これに最後に責任を持つのは、本人と社会だと思ふ。(しばらくブログの本説明文をいじります)

人が生きていくのにおいて、個人はどうあるべきかという人生観、家族はどうあるべきかという家庭観、そして社会はどうあるべきかという世界観が大切であるに違いありません。
 
このこと自体は、宗教人も非宗教人も同様だと思います。
 
私がかつて在籍していた統一教会の世界観は、神の下に人類一家族世界を創ることを理想とするものでした。それはつまり、親なる神の子供である全人類が、互いに兄弟愛で与え合う愛の理想社会を創るということでした。
 
しかし、その世界観による理想社会は、結局は、その社会に所属する個人の自由を強く制約するものだったと思います。
 
そこで、ひとつ問いかけをしたいと思います。
 
 
個人の自由とは何でしょうか?
もし個人がみな自由に生きたら、
どんな社会が実現されるのでしょうか?
 
 
私は2019年に統一教会の信仰を捨てることを決めたとき、統一教会とはもう完全に決別して、個人として自由に生きることを願っていました。
 
しかし、当時の私は、社会はこうあるべきという世界観を完全に見失っていました。
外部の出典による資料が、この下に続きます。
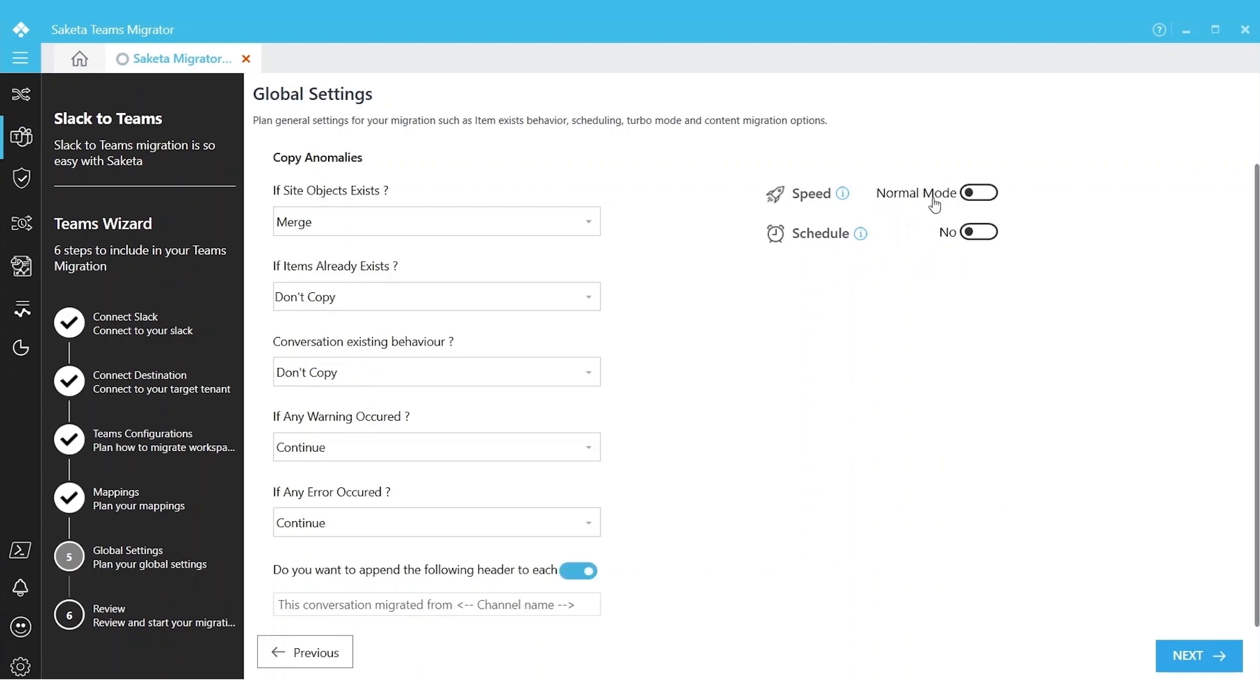We can migrate in normal mode or we can choose Turbo Mode. Turbo Mode is very useful if you want to migrate data at faster rates and also to minimize SharePoint throttling effect.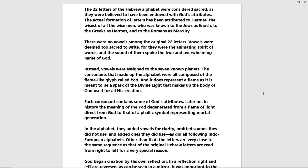The consonants that made up the alphabet were all composed of the flame-like glyph called Yod, which does represent a flame — it is meant to be a spark of the divine light that makes up the body of God, used for all his creation. Each consonant contains some of God's attributes. Later on in history, the meaning of the Yod degenerated from a flame of light direct from God to that of a phallic symbol representing mortal generation.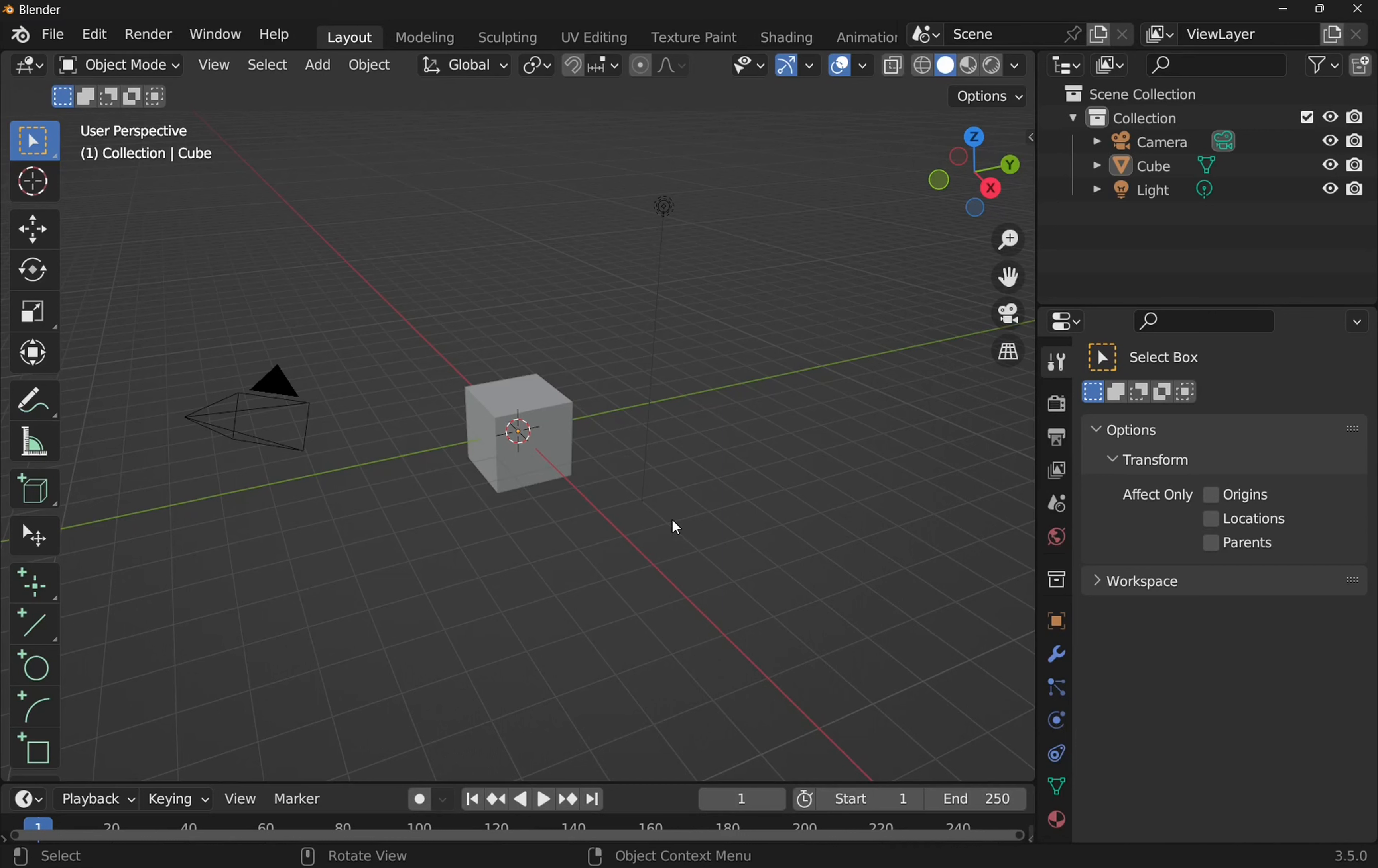So in a previous video, we looked at CADSketcher and the basic workflow compared to something like FreeCAD. We'll carry on in that vein and start looking at constraints.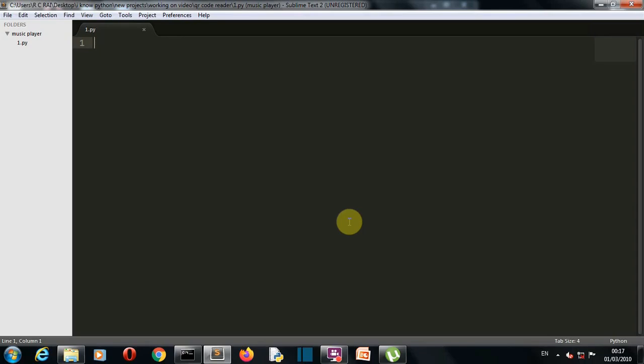Okay, so now we're in our editor. To read a QR code you must first have a QR code. If you want to create a customized QR code, I'll provide the link in the i button and in the description to help you create one with the data you want. So first, let's import the packages we require, that is pyzbar.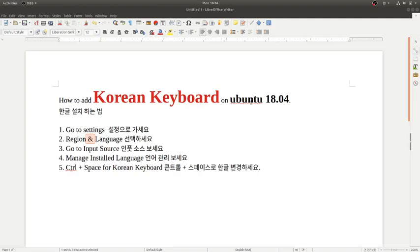Hi, today I'm going to talk about how to add a Korean keyboard on your Ubuntu system.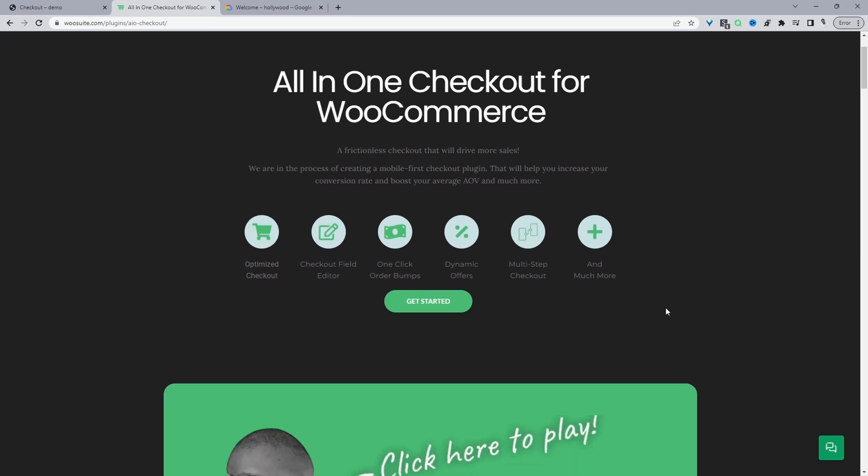Just head over to AIOcheckout.com and go ahead and download this particular plugin. It allows you to do numerous things. You can create an optimized checkout layout, you can create various different checkout designs, and it will allow you to create this Google AutoComplete feature.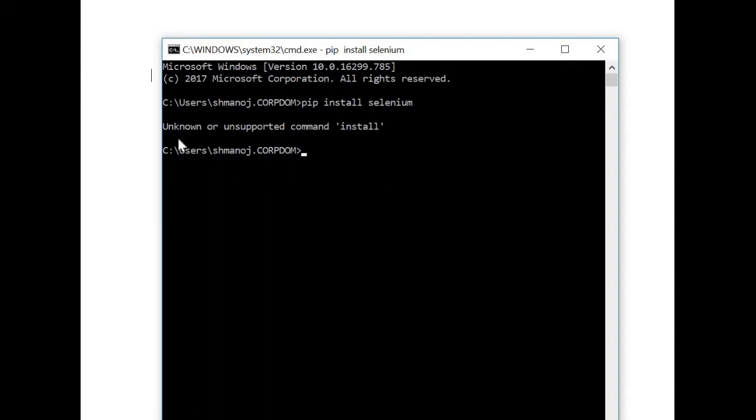Now you can see the error coming as unknown or unsupported command install. Normally this error arises when we have multiple versions of pip in our system. Suppose I have installed the Python version as well as the Perl version of pip, because pip works for both Python and Perl.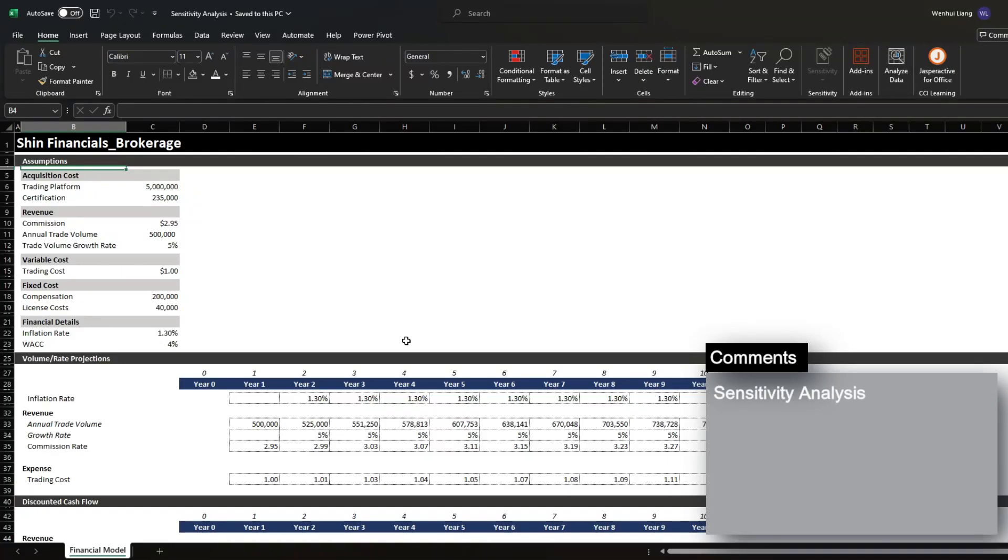Today I'm going to cover how to do a sensitivity analysis in Excel. I'm going to be going through two different methods, the first method being the most basic one where you're analyzing up to two variables and another method in which we analyze multiple variables by setting up our own custom template sheet.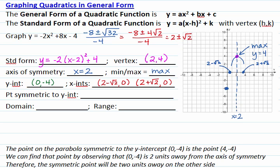The point on the parabola symmetric to the y-intercept (0, negative 4) is the point (4, negative 4). We can find that because the y-intercept is 2 units to the left of the axis of symmetry, and the symmetric point has to be 2 units on the other side.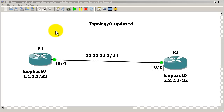Hello everyone, welcome to another Router Gods video. My name is Humphrey Chung. In this video we're going to take a look at summarization inside of EIGRP. It's going to be a two-part video — this video will cover summarizing four addresses into one, and the next video will cover leak maps: taking one route out of the summary and popping it through to the other router.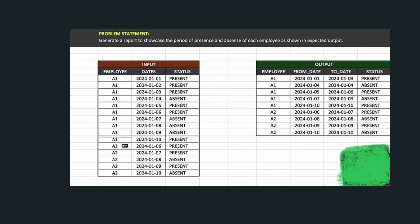Welcome everyone. Today I'm back with another interview question. There's a table called 'employ_dates' with a status column. There are two employees, A1 and A2, with dates from 1st to 10th January. The status column shows which days each employee was present and which days they were absent. We want to transpose this table into a new structure with columns: employee, from_date, to_date, and status — showing the date ranges for each attendance status.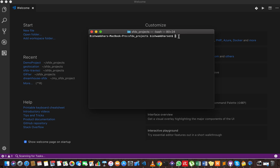Hey guys, once again I'm back, and today I'm going to show how to create a project, how to create a scratch org from the project, and how to push and pull source from and to a scratch org. We can create a project using two ways: either from the terminal firing up a command, or using the SFDX extension for VS Code.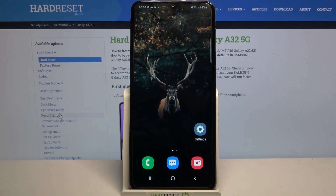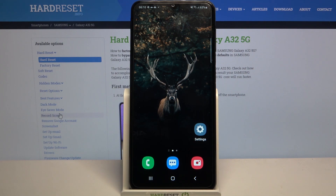Hi, in front of me is Samsung Galaxy A32 5G and today I would like to show you how you can open apps in split screen view on this device.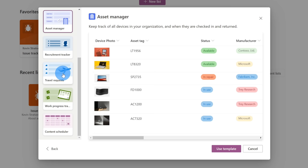So far, we've just looked at what the browser or desktop experience looks like. One of the great things too is Microsoft Lists is also available on the iPhone and on Android, so you can take advantage of the list experience wherever you happen to be.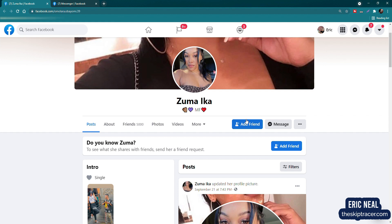Hey everyone, welcome back to the channel. I just got a message from Zuma Aika, maybe, and completely random, this beautiful woman decides to send me a message and I'm thinking, wow, it is my lucky day.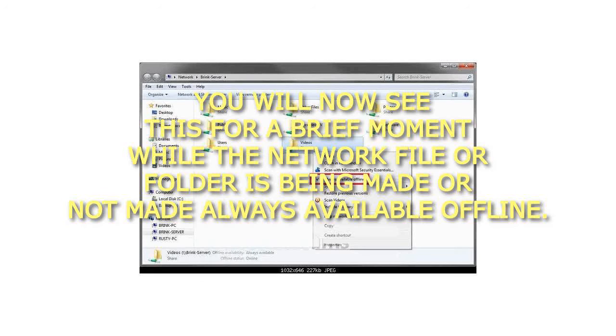You will now see this for a brief moment while the network file or folder is being made or not made always available offline.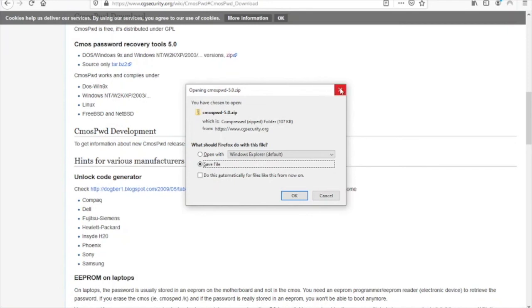Once you have that downloaded go ahead and extract the software by right clicking the download that you just found and click extract all. From here you are all set for the tutorial you saw in previous videos.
そして私は、この現実社会の一員としてどのようにして生きていけばよいのか、深く悩んでいたのです。
 
 
・ ・ ・
 
 
今回の話は、現実社会の一員として生きることを求めていた当時の私が、悩みながら最後の最後に手にした言葉です。それは、ドイツの哲学者ヘーゲルの言葉でした。
 
統一教会に長年いた私は、この現実社会は偽りの悪なる社会であると教わっていました。だから統一教会は、善なる理想社会をつくろうとしました。当然、私には、統一教会が実現しようとする理想社会の一員であるという自覚はあっても、この現実社会の一員であるという自覚は欠如しました。
 
そして私が統一教会の信仰を捨てたとき、結局、私の周囲には“偽りの悪なる社会”だけが残ることになったのです。その現実社会の中で、私は都合よく開き直って、その社会の構成員にはなるなんていう自覚を持つことはできないのです。
 
そんな私の深い悩みに、見事なまでにヘーゲル哲学は答えをくれたのでした。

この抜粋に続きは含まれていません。